DATA EXCERPT:
--*--

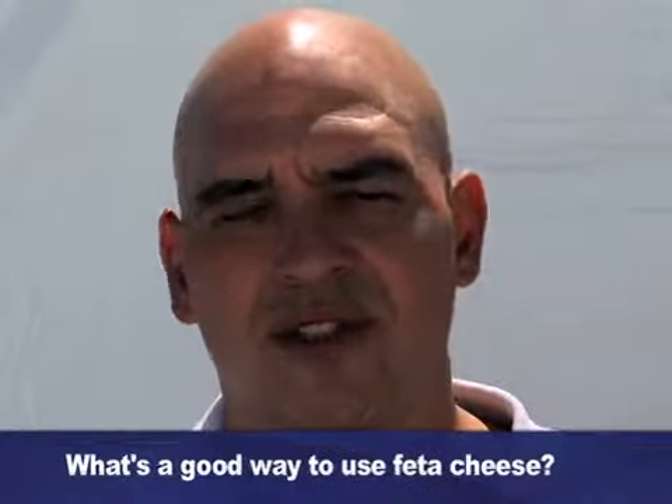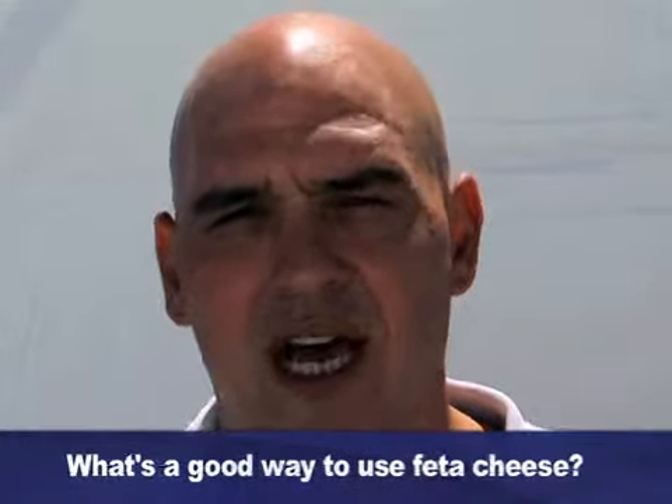Feta is a wonderful cheese. There's all kinds of different levels of it. I typically use feta cheeses from Greece. I enjoy the barrel aged style of feta cheeses. It's nice because it's a firmer cheese which gives it a lot of versatility, especially in salads.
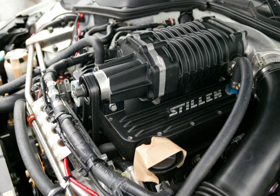Diesel two-strokes work in a different way to petrol ones and must have some form of forced induction, generally a supercharger, to work at all.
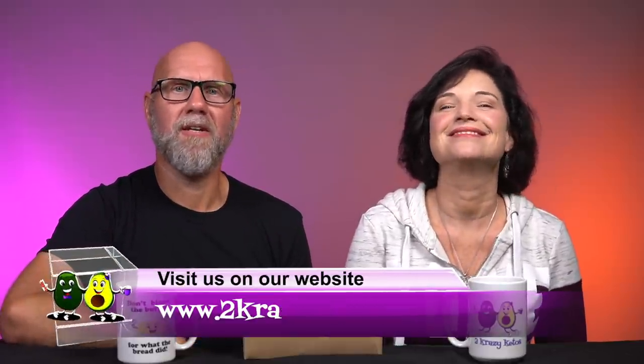Hey, what's up family? I'm Rachel. And I'm Joe. And we're 2 Crazy Ketos. If you're new to our channel, welcome. Here on 2 Crazy Ketos we do recipe videos, product reviews, we talk about various keto topics, and every Monday we sit down on the couch for Keto on the Couch. You can find us on Facebook, Instagram, and Twitter, and our website is 2crazyketos.com where you'll find all our recipes. We upload at least five new videos every week, so make sure you subscribe and hit the bell icon.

--*--

EXERCISE REQUIREMENTS: Omit the pictures and return exactly the lines from the line containing "Diesel two-strokes work" through the final line of the material above, both ends included.

TASK SOLUTION:
Diesel two-strokes work in a different way to petrol ones and must have some form of forced induction, generally a supercharger, to work at all.
Hey, what's up family? I'm Rachel. And I'm Joe. And we're 2 Crazy Ketos. If you're new to our channel, welcome. Here on 2 Crazy Ketos we do recipe videos, product reviews, we talk about various keto topics, and every Monday we sit down on the couch for Keto on the Couch. You can find us on Facebook, Instagram, and Twitter, and our website is 2crazyketos.com where you'll find all our recipes. We upload at least five new videos every week, so make sure you subscribe and hit the bell icon.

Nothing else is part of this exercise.